Corn with a capital C
Created: 4/21/14 (Mon) | Topic: Benefits
Hettinger County Farm Bureau President Marlene Kouba has been presenting Ag in the Classroom information to area schools for 21 years.
This year, Marlene, went before grades K-6 in New England Public School on April 14 and in Mott/Regent school on April 15 and shared information about corn. We thought we'd share the information she shared with us...
Corn is also used in our lives all day long in some way or form. It can start as breakfast cereal or corn muffins, in our bedding or clothing, or in ethanol that takes us to school or the tires on our cars.
The most common types of corn are flint (or Indian) corn, field corn, sweet corn and popcorn.
Corn is a grass and was grown in the Americas more than 5,000 years ago but the basic product is considered a vegetable. Indians grew corn before Columbus came. Every country now grows corn except Antarctica and the United States raises half of the world’s supply.
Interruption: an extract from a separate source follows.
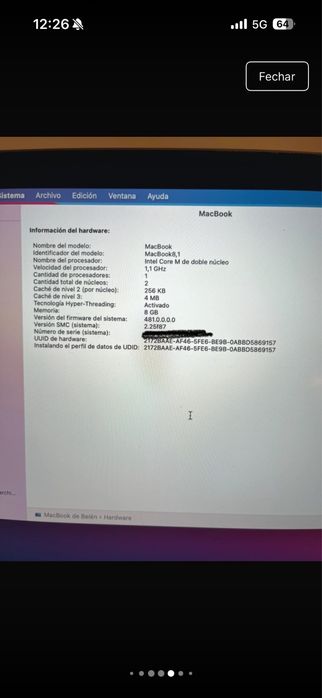Macbook 12 250GB cinza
Most uses of corn begin with corn meal, corn starch, corn sugars or corn oil. There are more than 4,000 products now made with corn and three-fourths of the groceries in supermarkets contain corn. Field corn is used to make ethanol. Distillers dried grain for livestock feed is one of the byproducts.
A bushel of corn weighs 56 pounds, has 72,800 kernels and can produce 32 pounds of cornstarch or sweetener for 325 cans of soft drinks OR 2.5 gallons of ethanol PLUS oil for two pounds of margarine, enough starch for a ton of paper and 15 pounds of ‘fizz’ for soft drinks.
Besides food items some things made from corn include road de-icer, photo film, paints, laundry detergents, packing peanuts, shopping bags, printer’s ink, cork, eating utensils (knives, forks, spoons), pens, batteries, dyes, plywood, diapers, antibiotics, chewing gum, shoe polish, paper, soaps, pet foods, fireworks, varnish, matches, oil-well drilling products, ceiling tile, varnish, tires, motor fuel extender, leather tanning, and many more.
The newest products are Ingeo clothing and bedding—a fabric that is made from sugars in field corn but is soft and absorbent. The cars in the Indy 500, some school buses and fleet cars run on ethanol. Goodyear produces tires made with corn starch.
Corn refining is America’s premier bioproducts industry with an increasing production of new products including biodegradable products. Check food labels to see if there is a corn product in them. You will be surprised to find how many ways corn is in your everyday lives.
Kouba also represents N.D. Women Involved in Farm Economics in her ag education role.